# GOAL OF THE EXERCISE:
Each line of the material holding the word "schwarzer" must be identified and copied.

# DATA RECORDS:
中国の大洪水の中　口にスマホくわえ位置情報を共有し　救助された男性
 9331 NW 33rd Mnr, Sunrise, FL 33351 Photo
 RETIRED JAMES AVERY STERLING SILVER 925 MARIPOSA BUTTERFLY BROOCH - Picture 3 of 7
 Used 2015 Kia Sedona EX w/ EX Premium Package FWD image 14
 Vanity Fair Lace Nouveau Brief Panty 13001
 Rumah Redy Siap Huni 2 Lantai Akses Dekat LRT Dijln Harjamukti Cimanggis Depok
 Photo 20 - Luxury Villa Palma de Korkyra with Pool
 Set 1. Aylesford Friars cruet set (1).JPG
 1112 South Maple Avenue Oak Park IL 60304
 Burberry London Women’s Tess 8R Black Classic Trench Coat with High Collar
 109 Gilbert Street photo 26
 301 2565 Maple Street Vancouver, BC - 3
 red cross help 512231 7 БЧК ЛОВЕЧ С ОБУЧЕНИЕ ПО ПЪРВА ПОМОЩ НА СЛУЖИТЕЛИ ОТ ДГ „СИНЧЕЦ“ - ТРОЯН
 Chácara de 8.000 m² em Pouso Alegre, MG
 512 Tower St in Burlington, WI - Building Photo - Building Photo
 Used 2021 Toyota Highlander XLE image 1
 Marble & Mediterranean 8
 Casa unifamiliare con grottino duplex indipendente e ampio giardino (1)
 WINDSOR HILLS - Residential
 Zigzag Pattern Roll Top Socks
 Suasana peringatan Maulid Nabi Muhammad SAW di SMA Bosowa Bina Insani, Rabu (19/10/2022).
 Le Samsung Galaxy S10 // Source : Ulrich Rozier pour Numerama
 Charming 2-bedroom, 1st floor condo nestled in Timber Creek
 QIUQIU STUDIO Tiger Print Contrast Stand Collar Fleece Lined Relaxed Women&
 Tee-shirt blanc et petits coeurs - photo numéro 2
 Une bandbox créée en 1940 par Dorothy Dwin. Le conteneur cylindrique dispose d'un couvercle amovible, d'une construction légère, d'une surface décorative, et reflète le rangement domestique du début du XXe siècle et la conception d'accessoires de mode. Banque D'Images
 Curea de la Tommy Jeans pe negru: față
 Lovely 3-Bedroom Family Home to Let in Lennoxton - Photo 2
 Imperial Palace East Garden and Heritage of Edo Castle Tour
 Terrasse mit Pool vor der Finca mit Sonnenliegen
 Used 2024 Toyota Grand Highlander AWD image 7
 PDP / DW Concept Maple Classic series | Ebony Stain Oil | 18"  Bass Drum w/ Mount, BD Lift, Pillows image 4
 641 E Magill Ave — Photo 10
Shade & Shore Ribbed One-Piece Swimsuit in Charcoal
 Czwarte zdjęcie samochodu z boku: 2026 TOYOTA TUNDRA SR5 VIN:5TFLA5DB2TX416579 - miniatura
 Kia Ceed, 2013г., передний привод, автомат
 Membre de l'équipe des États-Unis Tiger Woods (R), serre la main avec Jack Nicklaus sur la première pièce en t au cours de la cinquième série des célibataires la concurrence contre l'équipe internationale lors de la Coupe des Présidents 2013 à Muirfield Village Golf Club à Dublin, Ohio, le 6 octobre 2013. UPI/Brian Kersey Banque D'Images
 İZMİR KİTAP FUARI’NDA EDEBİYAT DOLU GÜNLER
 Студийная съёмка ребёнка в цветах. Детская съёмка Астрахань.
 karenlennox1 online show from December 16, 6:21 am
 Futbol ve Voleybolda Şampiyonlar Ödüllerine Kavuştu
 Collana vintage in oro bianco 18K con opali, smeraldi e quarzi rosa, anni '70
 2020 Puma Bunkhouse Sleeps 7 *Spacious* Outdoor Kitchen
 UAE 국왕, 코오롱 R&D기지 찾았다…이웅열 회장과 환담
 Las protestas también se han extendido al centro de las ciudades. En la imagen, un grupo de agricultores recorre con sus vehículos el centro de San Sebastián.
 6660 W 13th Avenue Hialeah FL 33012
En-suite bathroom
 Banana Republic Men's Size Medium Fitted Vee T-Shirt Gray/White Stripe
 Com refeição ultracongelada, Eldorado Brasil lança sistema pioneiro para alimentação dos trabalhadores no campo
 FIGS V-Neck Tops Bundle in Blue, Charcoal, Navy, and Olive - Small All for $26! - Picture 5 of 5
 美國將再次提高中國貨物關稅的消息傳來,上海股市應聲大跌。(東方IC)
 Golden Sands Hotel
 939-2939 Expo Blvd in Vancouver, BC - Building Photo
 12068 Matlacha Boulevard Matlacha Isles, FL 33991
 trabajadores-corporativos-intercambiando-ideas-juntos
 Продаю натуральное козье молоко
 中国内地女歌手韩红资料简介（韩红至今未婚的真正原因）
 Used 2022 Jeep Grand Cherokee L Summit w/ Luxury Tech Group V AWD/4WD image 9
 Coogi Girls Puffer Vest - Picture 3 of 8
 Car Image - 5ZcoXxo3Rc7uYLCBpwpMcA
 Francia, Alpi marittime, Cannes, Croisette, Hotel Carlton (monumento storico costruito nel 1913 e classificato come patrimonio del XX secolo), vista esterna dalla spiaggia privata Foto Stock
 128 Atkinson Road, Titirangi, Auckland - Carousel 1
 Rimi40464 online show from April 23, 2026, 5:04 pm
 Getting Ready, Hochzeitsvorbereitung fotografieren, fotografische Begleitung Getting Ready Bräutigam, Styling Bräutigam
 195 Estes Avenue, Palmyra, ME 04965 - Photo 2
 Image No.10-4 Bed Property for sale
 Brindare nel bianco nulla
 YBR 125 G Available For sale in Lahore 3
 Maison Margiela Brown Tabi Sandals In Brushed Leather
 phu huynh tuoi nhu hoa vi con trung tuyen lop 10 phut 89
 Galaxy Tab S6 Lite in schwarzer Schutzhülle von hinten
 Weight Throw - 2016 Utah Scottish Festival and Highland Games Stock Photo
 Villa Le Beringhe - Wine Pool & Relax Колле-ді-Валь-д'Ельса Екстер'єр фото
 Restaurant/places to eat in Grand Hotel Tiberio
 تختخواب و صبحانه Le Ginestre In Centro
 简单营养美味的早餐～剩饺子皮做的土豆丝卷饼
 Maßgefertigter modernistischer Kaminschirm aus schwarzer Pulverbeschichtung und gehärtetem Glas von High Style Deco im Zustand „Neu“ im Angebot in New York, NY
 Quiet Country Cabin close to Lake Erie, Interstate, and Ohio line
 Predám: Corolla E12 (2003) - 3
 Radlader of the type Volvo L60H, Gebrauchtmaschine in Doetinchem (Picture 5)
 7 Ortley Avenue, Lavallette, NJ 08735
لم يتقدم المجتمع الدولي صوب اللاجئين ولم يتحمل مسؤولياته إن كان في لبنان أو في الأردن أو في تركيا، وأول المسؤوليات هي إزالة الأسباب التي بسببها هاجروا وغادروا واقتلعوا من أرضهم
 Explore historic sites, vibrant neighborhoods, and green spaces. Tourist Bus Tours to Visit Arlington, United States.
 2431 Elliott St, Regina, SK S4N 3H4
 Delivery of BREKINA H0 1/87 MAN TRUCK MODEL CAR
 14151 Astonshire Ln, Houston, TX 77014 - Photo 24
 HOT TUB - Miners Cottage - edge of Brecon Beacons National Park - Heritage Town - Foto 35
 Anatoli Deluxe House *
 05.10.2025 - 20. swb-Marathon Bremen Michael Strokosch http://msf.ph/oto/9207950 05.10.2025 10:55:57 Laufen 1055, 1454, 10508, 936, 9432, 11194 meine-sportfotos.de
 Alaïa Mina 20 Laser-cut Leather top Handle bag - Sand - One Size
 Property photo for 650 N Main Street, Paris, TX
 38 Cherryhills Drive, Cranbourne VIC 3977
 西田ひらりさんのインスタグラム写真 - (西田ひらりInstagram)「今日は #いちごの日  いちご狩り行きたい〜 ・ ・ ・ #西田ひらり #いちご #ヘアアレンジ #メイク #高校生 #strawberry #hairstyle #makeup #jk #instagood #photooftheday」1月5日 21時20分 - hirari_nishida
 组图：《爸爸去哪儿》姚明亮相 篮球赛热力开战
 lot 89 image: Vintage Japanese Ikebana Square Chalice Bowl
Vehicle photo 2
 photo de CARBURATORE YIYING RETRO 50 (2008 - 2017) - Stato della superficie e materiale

# EXPECTED OUTPUT:
 Galaxy Tab S6 Lite in schwarzer Schutzhülle von hinten
 Maßgefertigter modernistischer Kaminschirm aus schwarzer Pulverbeschichtung und gehärtetem Glas von High Style Deco im Zustand „Neu“ im Angebot in New York, NY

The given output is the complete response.